Miss fisha kicks a prone **Auto *in the head once more as she steps over him, heading up the stairs.
*SSG Schwartz sees Player sizing him up. He thinks the Player is going to deputize him on the spot. A good sheriff can always spot good talent. If he even knew what the man in white was really thinking he would put two rounds through his lily white skull.
He hears **Miss fisha’s **words and wonders if Miss fisha is offering herself. Can’t be.
Miss fisha brings the bottle and the SSG grabs her around the waist. "I said I want the best. Find big baby. He may be sweet, but he knows where the girls are.*
*“Good luck?!” Kat stared at Miss fisha in astonishment and disbelief as she grabbed with her free hand at the rabbit’s foot that hung on a chain around her neck.
“Not a chance.
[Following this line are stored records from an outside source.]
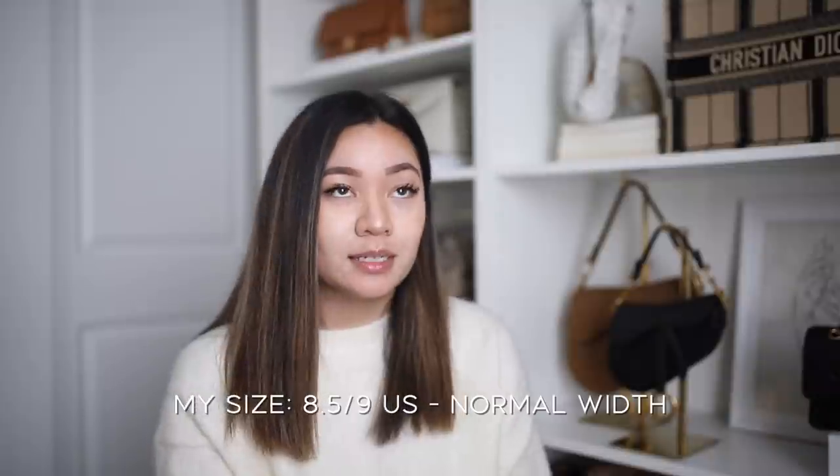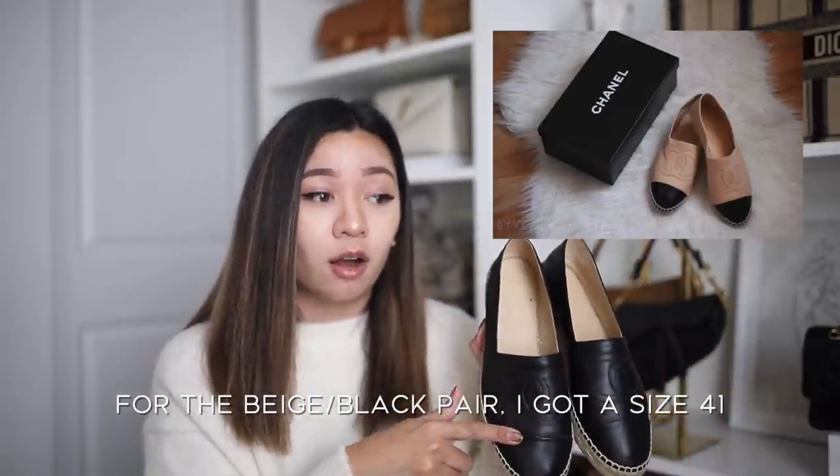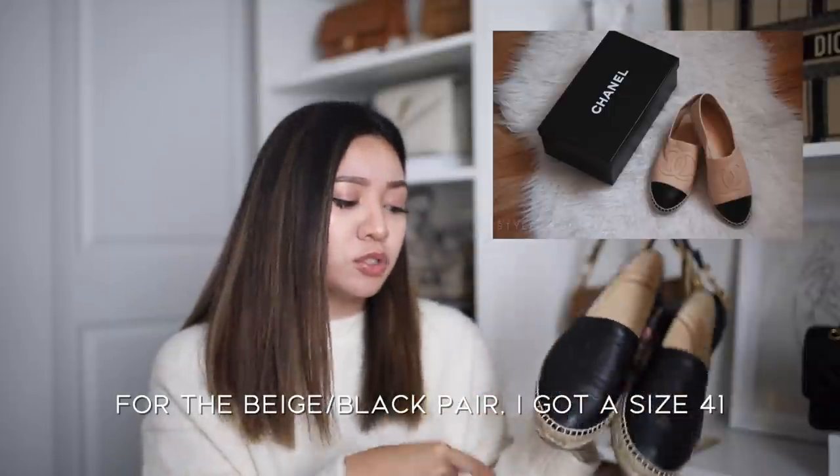Before we begin, I want to let you guys know that I'm normally a size eight and a half to nine in US, so keep that in mind when I share sizes. For my first shoe, we have the Chanel espadrilles — kind of a Chanel staple. The espadrilles were actually my very first Chanel purchase ever, back in 2012 or 2013. I had the beige and black combo and just wore those to the ground. The sole started coming off and I got them repaired, but those shoes were great — not the most comfortable if you're walking around all day, but really cute.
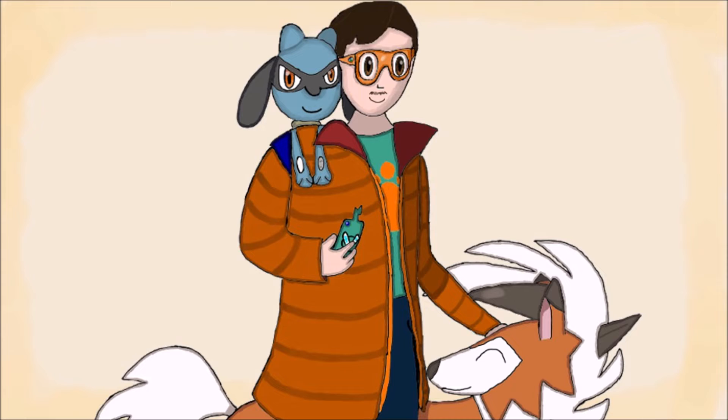In today's video, I'm going to discuss how I think Ditto, a man-made and therefore probably invasive Pokemon, got to various places around the Pokemon world. So without any further ado, let's roll the intro and let's get started.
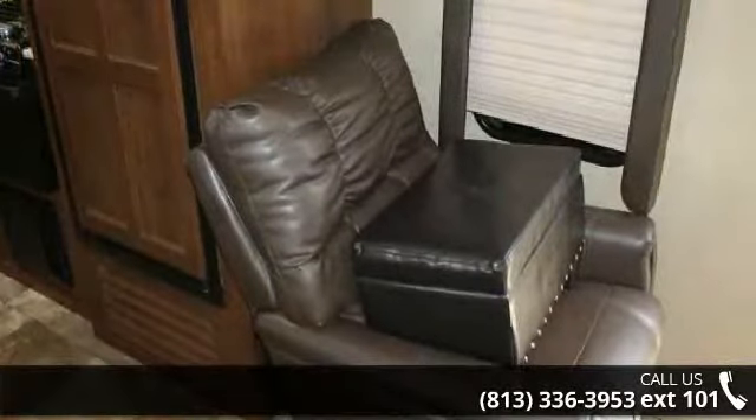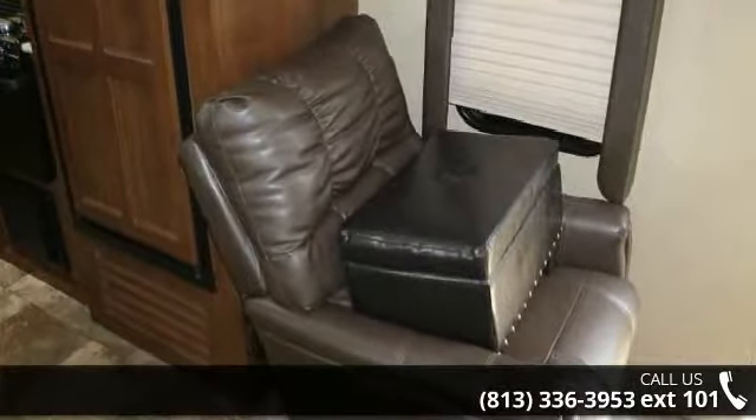Let us put you in the right RV for your needs. Call the dealer now for more information.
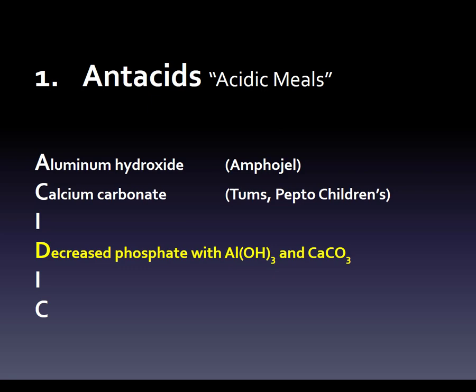The first side effect or issue is decreased phosphate with aluminum hydroxide and calcium carbonate. I intentionally put the chemical names here because sometimes you'll see them that way. Aluminum is Al³⁺, meaning three hydroxyl (OH⁻) groups to balance. Calcium is Ca²⁺, and carbonate is CO₃²⁻, so that pairs as calcium carbonate. This decreased phosphate effect can also help someone who has hyperphosphatemia.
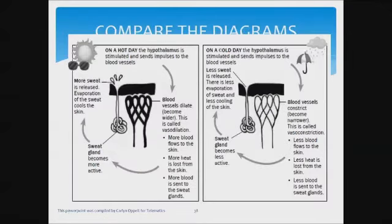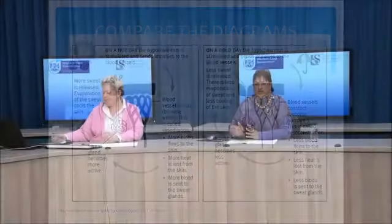In the cold, it's just the opposite. That is where they have diagrams in the guideline documents — you can see where the blood vessels are wider and where they are narrower.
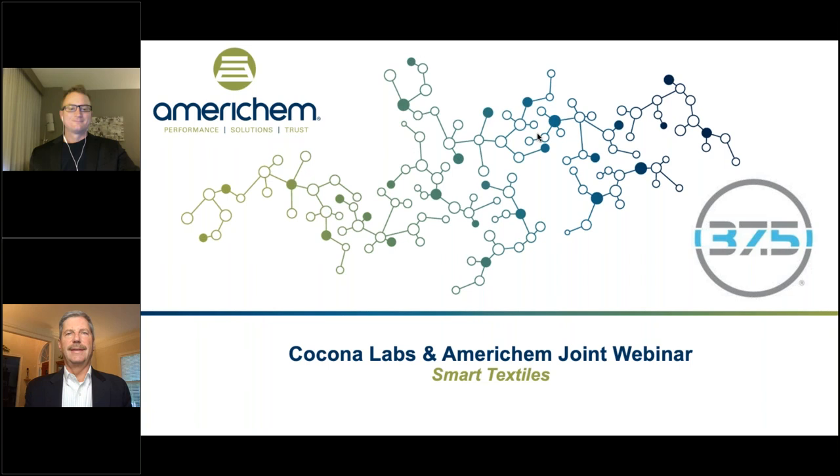Hello, everyone. My name is Haley Cassidy, AmeriChem's Global Digital Marketing Manager. I'd like to thank you all for joining today's webinar — a Kokona Labs and AmeriChem joint webinar on smart textiles — where we will explain the different types of additives available for property modifications and the key parameters and considerations to focus on when designing for this challenging application space.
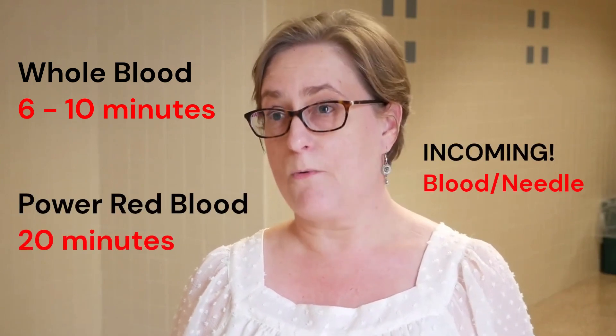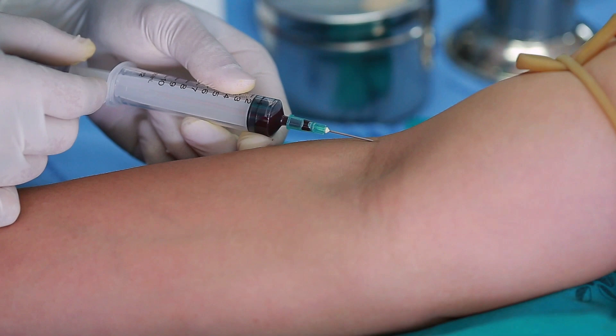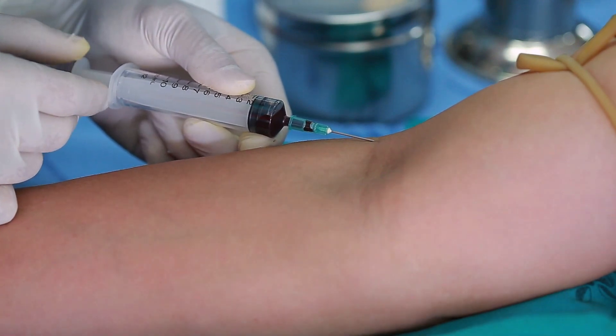It's a little bit different than doing whole blood. With whole blood you only have to donate for about six to ten minutes, but the Power Red process takes about 20 minutes — because we put in a slightly smaller needle than whole blood, take your blood out, and centrifuge it.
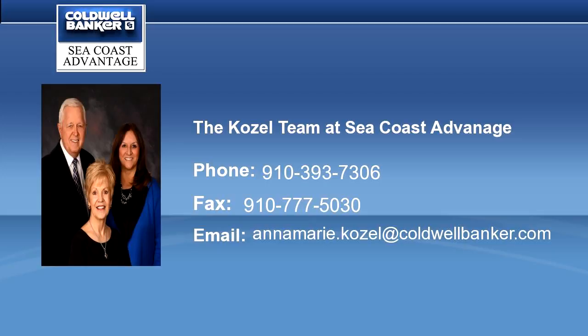The golf course community at Sea Trail offers amenities galore including three golf courses, two resident clubhouses, two outdoor pools, tennis and pickleball, fitness center, sauna, whirlpool, bocce ball, horseshoe, library, a small quaint chapel, community garden, and private parking on beautiful Sunset Beach.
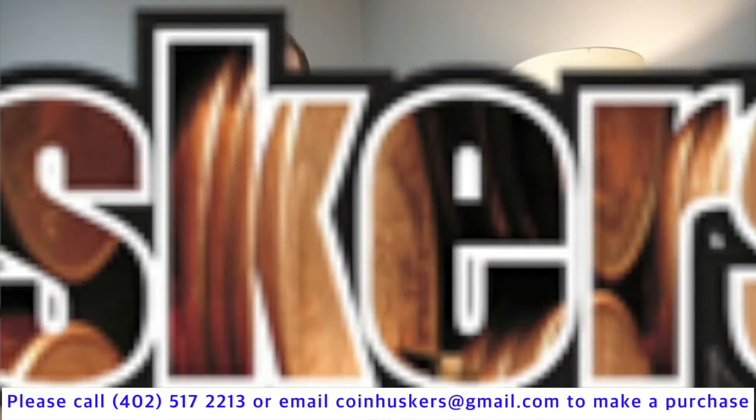We have other items that we'll put in a video tomorrow. And remember: buy real, be real, get real physical gold and silver from Coin Askers. Thanks for watching.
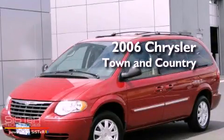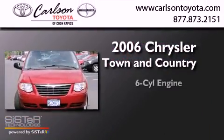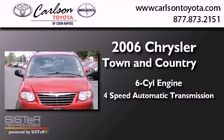This is a 2006 Chrysler Town & Country. It has a six-cylinder engine and a four-speed automatic transmission.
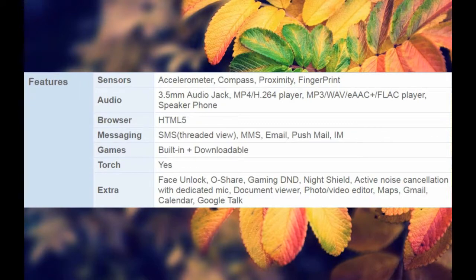Torch: Yes. Extra features: Face Unlock, OShare, Gaming mode, Night Shield, Active Noise Cancellation with Dedicated Mic, Document Viewer, Photo and Video Editor, Maps, Gmail, Calendar, Google Talk.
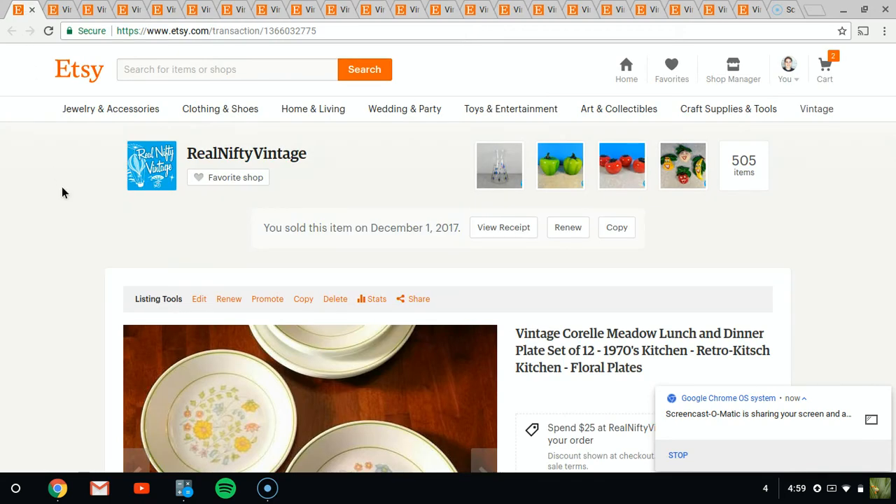Well, hello everyone. It's Jeffrey with Real Nifty Vintage. This is my first sales report of my Etsy sales, and this is the week of Thanksgiving — the whole Black Friday thing. I've got quite a bit of sales to go through, so I'm not going to spend too much time talking about them. We'll get right on ahead.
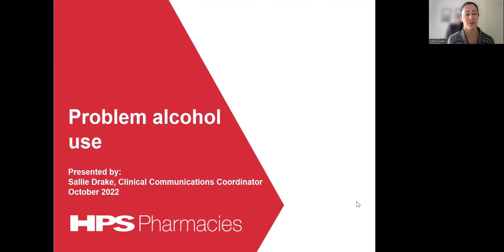Hello and welcome to HPS Pharmacy's webcast series. My name is Sally Drake and I'm the Clinical Communications Coordinator at HPS. This presentation is focusing on problem alcohol use. We'll be looking at some of the medications used in the management of acute alcohol withdrawal, with a primary focus on medications used in the management of long-term alcohol use disorder.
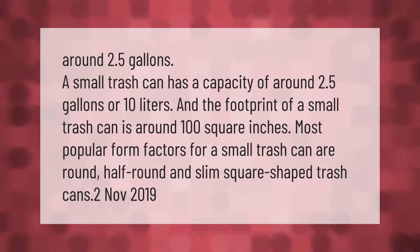A small trash can has a capacity of around 2.5 gallons or 10 liters, and the footprint of a small trash can is around 100 square inches. The most popular form factors for a small trash can are round, half-round, and slim square shaped trash cans.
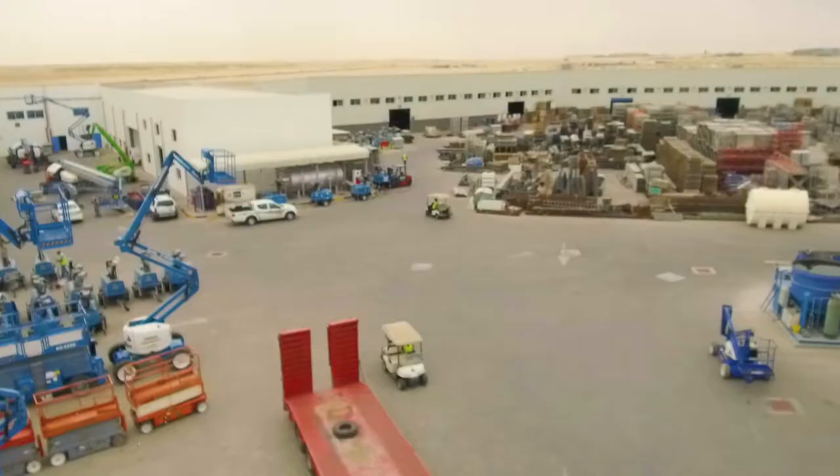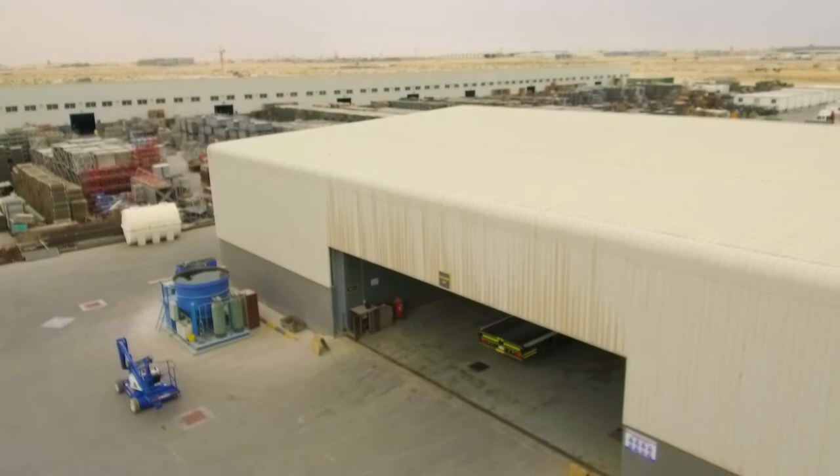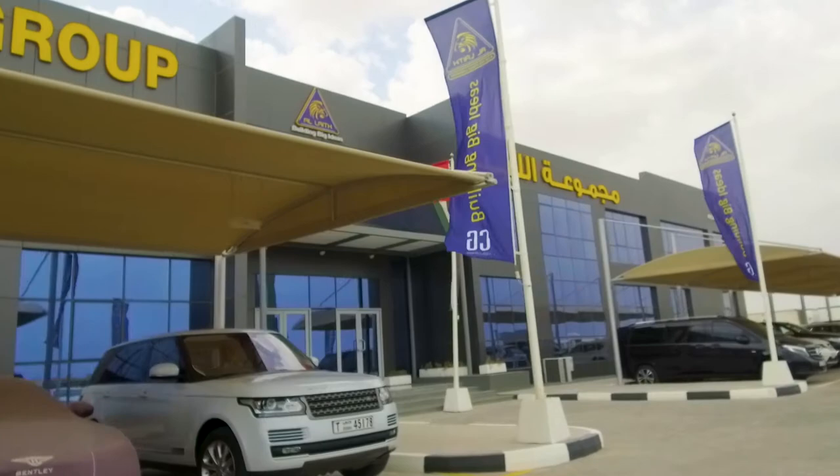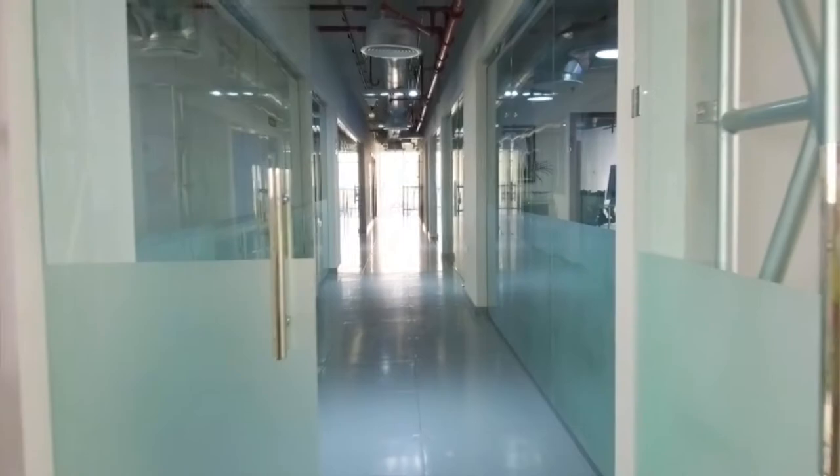We're coming to you today from our new facility in DIC, which is pretty close to the Expo 2020 site and the Maktoum Airport here in Dubai. We've just got ownership of this particular piece — 600,000 square feet — which we started to develop in 2016 and we officially moved in here January of this year.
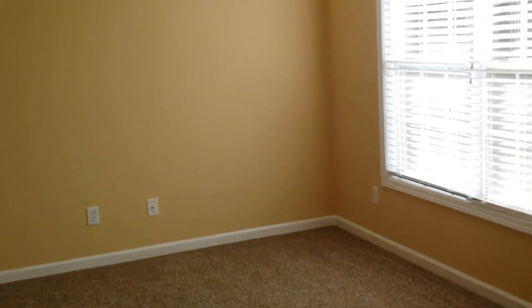Alright, so there you have it. Again, this is 15 Sunflower Lane in beautiful Covington, Georgia. Shannon Harris, Got Our Home.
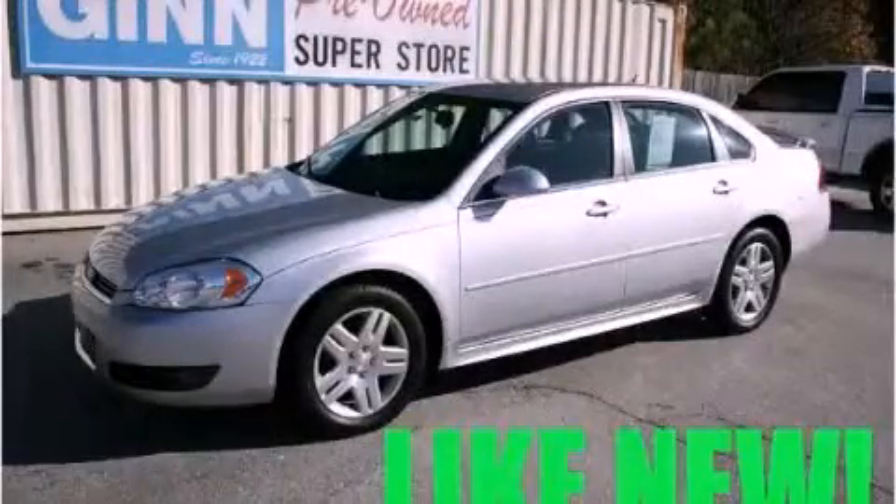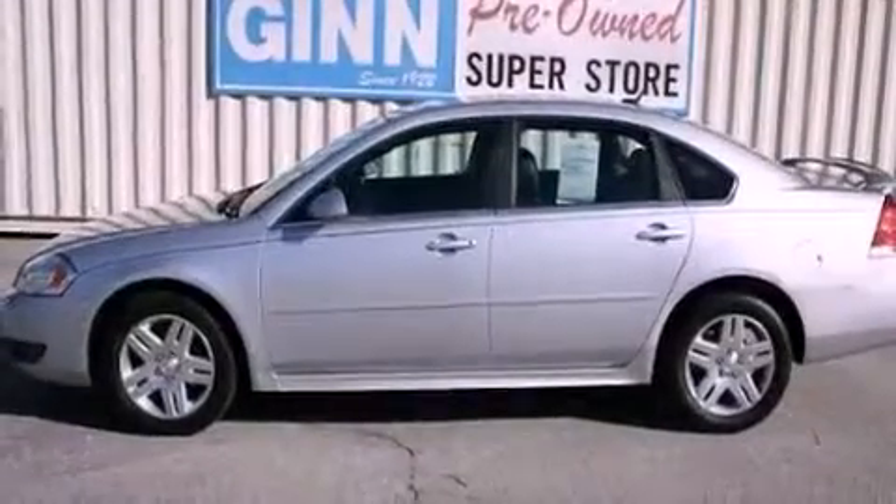This is a 2010 Chevrolet Impala. It has a 3.5-liter 6-cylinder engine and a 4-speed automatic transmission.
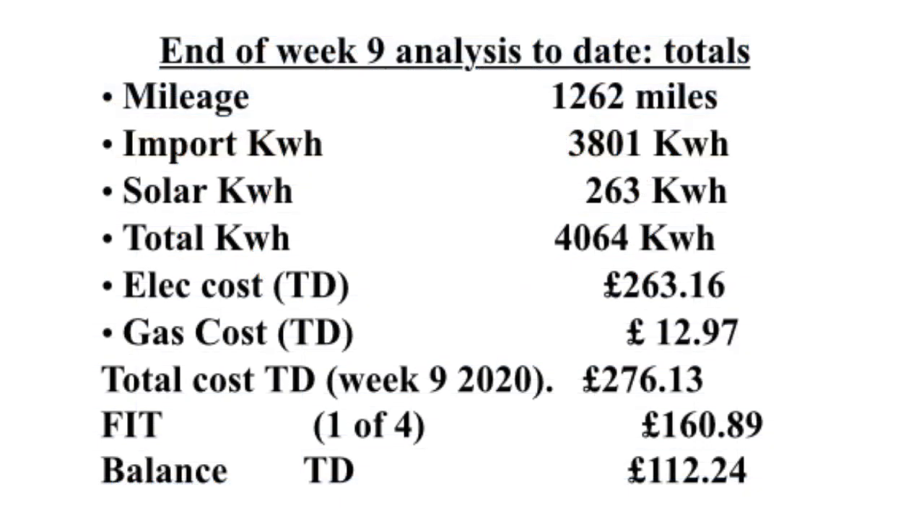To summarise the 2020 logs: we've done 1,262 miles, imported 3,801 kWh, had 263 kWh from the solar — a total of 4,064 kWh altogether. Electricity cost is £263.16, gas cost to date is £12.97, giving total utility bills of £276.13. With £168.89 back from the FIT tariff, the balance is £112.24.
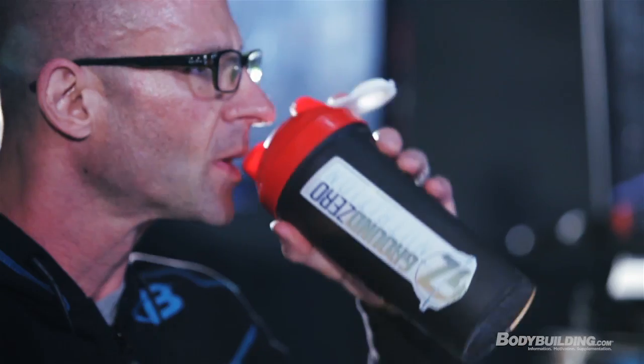Food is just one part of the Shortcut to Shred nutrition plan — supplements also play a critical role. Be sure to check out the supplementation video, as well as the training overview video and the workout examples. For a full breakdown of the nutrition program, be sure to check out the page below.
I’ll go out and hic kill that thread myself before I give up my rabbit’s foot!”*
*"As miss fisha climbs the stairs, she can hear Big Baby doing unmentionable things to himself.
She bangs on the door. A sudden silence. “Er, yes Miss fisha?”
“Big Baby, you need to quit your yankin’ and come downstairs. There’s a mighty big storm brewin’ and Kat is three sheets to the wind. She’s been dippin’ into the private stock again. Find those boys and the sheriff some whores, and get that damn Auto off my floor, he’s lying in his own juices again, and he smells like piss. Oh, and load up the shotguns. We have some close in work tonight.”
The nerve of that SSG thinkin’ the deluxe was me. Hell, he’ll be lucky to get a lousy cot under the eaves now."*
*After **Miss fisha **disappears, SSG Schwartz pauses for a minute in the game to think about the way she looked at him. He knows that she will offer a cot in the barn where they can have some privacy. He will turn her down in favor of the second best. Hell, he thinks, Auto is kind of drunk…
He sees Miss Fisha sweeping down the stairs.